You will play a key role in advancing end-to-end and hybrid architectures, including the exploration of Vision-Language Models (VLMs) to enhance scene understanding, reasoning, and decision-making robustness in complex driving environments.
Responsibilities:
- Lead the design and implementation of end-to-end autonomous driving models, including one-stage (sensor-to-control) and two-stage (e.g., perceptionplanning decoupled) architectures. Define model structures, training pipelines, and optimization strategies for stable and explainable planning outputs.
- Drive the development of pure vision-based end-to-end systems, integrating multi-task capabilities such as BEV perception, static and dynamic occupancy inference, trajectory prediction, and planning.
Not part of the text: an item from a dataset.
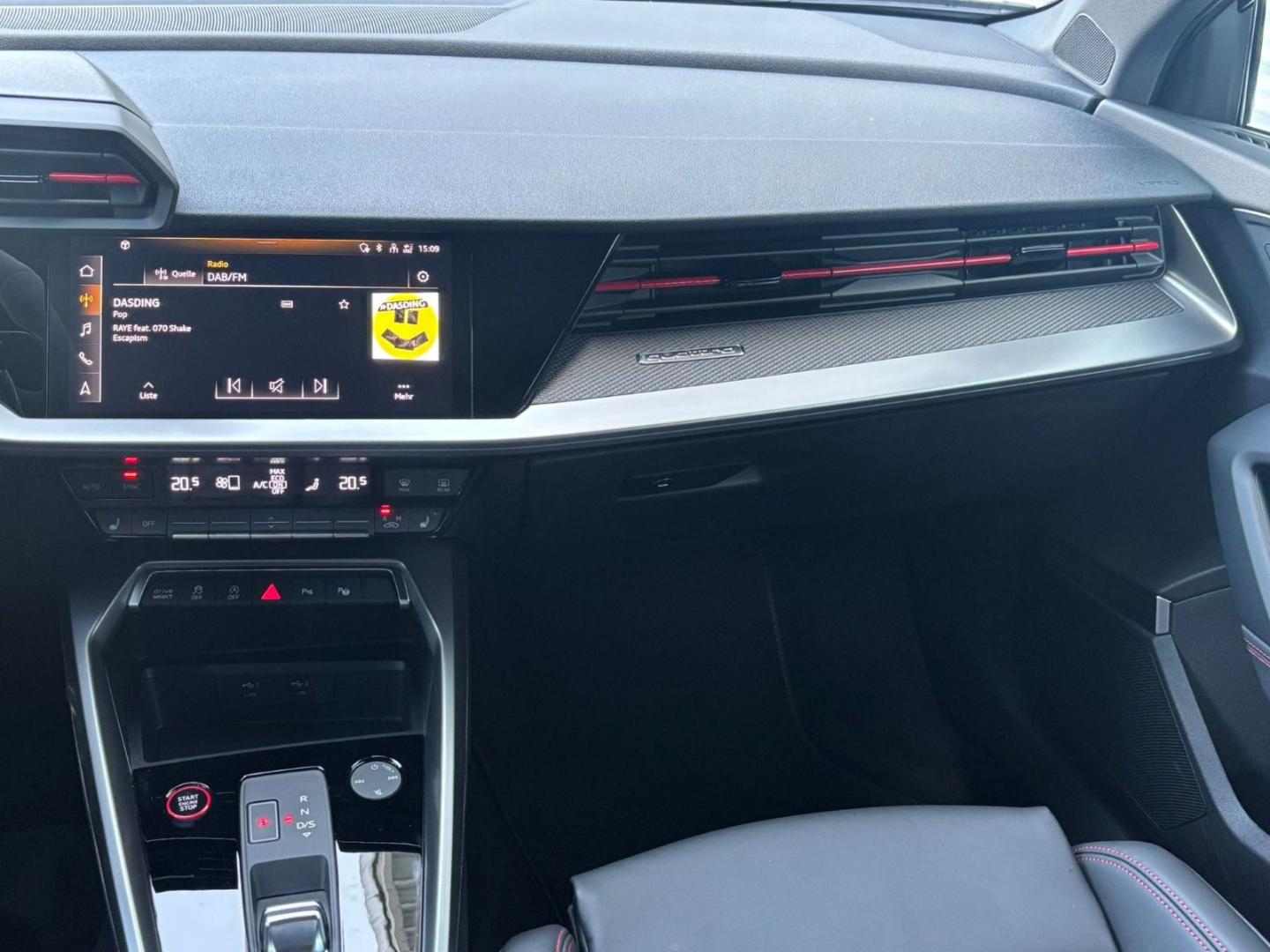 Image about Audi RS 3 Sportback TFSI quattro S tronic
- Explore and apply Vision-Language Models (VLMs) to improve high-level scene understanding, semantic reasoning, and cross-modal representation learning for autonomous driving tasks.
- Optimize and deploy models on embedded platforms, including inference acceleration, post-processing, system-level integration, performance tuning, stability validation, and on-road testing.
- Deliver production-ready solutions for elevated highways and urban driving scenarios, enabling scalable deployment and continuous progression toward higher levels of autonomy.
Qualification/ Requirements:
- Ph.D. degree in Computer Science, Artificial Intelligence, Robotics, or a related field.
- Strong foundation in autonomous driving systems, with hands-on experience in end-to-end deep learningbased modeling.
- Practical experience in planning, control, or decision-making modules using deep learning approaches.
- Experience or strong interest in Vision-Language Models (VLMs), multimodal learning, or cross-modal representation learning, particularly in applications involving visual scene understanding and reasoning.
- Proficiency in C/C++ and Python, with experience in real-time inference deployment and performance optimization.
- Familiarity with BEV-based representations, occupancy prediction, and multi-task learning frameworks.
- Experience with system integration and real-vehicle testing is a strong plus.
- Strong problem-solving skills, adaptability to complex real-world scenarios, and a results-driven mindset.
- Strong mathematical foundation in optimization techniques relevant to computer vision and deep learning.